§ **REQUIRED ACTION**: Begin at the line containing "Fig. 06 - Prosthesis" in the data below and go on through the line containing "Western Blot: SLC45A3/Prostein", repeating each line exactly; include both ends and no other line.

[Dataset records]
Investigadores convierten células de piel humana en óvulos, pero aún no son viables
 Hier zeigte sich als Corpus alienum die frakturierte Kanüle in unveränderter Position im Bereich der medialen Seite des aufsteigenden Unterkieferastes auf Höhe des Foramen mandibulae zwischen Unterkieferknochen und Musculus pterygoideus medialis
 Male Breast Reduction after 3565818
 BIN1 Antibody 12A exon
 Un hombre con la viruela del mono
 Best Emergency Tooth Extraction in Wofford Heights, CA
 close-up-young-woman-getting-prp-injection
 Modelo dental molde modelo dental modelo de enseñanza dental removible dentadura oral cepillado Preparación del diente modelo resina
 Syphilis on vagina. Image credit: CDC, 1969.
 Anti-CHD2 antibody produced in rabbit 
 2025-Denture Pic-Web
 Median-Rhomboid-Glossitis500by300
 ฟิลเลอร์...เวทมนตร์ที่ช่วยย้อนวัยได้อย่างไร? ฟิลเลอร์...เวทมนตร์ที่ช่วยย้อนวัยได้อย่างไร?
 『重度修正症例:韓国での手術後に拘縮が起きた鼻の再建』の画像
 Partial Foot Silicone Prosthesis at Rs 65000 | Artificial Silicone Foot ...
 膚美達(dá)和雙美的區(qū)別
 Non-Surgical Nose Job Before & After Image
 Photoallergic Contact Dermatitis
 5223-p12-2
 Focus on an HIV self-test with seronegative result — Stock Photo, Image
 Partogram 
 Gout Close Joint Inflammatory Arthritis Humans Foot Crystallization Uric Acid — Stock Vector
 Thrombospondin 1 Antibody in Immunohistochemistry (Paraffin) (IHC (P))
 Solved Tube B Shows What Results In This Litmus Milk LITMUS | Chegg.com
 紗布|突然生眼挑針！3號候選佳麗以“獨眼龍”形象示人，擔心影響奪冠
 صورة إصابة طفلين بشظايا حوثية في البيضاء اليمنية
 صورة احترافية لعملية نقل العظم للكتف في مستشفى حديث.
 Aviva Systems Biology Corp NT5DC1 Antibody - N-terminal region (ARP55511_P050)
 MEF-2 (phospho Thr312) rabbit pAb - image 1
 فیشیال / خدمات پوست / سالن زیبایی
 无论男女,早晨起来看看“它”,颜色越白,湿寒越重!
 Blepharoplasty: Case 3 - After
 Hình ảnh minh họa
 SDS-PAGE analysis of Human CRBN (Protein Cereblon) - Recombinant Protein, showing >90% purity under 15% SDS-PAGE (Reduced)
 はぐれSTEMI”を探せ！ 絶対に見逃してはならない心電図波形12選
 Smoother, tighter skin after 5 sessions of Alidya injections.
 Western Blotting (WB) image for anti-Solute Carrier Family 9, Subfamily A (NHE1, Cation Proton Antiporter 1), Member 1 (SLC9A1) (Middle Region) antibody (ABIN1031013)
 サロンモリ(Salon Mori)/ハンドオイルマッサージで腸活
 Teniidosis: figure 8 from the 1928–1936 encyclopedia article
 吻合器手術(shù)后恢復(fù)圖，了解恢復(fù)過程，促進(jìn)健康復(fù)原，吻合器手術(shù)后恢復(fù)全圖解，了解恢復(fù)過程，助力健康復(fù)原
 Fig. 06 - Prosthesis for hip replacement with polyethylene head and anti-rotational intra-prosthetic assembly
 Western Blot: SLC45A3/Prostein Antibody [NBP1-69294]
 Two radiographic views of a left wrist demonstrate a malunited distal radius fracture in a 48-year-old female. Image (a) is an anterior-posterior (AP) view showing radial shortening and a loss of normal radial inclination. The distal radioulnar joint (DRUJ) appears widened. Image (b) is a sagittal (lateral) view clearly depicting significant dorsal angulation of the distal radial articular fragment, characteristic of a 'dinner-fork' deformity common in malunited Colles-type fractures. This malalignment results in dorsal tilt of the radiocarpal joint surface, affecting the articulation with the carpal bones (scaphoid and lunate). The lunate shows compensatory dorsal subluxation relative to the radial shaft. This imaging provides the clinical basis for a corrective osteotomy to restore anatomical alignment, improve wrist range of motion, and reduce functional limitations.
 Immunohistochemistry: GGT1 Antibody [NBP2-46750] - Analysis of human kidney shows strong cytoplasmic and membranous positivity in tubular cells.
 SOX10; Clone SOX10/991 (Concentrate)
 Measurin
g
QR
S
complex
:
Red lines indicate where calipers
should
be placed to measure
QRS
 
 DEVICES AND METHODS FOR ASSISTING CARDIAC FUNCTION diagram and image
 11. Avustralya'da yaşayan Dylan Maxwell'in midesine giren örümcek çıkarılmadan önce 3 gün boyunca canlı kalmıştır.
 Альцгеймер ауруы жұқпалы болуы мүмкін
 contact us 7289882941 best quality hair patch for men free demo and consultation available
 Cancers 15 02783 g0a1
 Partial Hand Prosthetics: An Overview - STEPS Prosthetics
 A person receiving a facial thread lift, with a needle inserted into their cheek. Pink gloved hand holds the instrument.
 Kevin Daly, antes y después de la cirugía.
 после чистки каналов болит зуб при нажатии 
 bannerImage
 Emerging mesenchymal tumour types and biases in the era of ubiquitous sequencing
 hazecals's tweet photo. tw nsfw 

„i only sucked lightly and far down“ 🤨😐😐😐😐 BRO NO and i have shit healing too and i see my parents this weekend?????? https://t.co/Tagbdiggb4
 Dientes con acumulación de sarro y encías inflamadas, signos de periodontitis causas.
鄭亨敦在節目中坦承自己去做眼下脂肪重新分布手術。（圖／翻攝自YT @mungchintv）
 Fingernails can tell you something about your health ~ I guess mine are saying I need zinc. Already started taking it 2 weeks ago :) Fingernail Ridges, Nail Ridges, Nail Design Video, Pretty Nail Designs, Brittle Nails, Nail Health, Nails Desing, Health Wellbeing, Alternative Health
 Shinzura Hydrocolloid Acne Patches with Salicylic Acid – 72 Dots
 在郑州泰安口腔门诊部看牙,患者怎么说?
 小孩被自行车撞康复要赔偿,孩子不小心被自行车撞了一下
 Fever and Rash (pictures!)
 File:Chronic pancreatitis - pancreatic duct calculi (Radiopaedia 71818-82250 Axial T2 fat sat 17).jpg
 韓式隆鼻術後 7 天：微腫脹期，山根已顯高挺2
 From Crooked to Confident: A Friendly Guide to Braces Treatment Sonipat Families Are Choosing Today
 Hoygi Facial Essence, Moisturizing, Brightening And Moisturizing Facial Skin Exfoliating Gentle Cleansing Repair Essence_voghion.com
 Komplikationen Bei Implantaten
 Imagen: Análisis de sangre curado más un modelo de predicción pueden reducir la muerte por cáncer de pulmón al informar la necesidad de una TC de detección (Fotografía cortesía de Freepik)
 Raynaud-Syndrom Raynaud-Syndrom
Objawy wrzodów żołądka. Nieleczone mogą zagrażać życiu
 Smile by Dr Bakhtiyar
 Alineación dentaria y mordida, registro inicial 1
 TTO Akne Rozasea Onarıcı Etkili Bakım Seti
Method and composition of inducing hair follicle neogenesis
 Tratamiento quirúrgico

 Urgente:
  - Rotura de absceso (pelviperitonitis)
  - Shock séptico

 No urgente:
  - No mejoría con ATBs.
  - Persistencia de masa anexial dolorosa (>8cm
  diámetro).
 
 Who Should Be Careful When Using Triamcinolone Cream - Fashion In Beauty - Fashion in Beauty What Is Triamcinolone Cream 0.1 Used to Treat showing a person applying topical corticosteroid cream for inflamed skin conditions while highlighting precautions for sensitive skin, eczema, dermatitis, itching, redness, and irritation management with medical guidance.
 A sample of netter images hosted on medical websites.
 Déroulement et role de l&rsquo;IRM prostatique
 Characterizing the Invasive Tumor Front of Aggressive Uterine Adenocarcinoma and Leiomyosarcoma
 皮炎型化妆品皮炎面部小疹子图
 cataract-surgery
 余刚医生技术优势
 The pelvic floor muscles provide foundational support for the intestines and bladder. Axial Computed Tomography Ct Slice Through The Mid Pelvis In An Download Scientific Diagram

§ **ANSWER TO THIS PROBLEM**:
 Fig. 06 - Prosthesis for hip replacement with polyethylene head and anti-rotational intra-prosthetic assembly
 Western Blot: SLC45A3/Prostein Antibody [NBP1-69294]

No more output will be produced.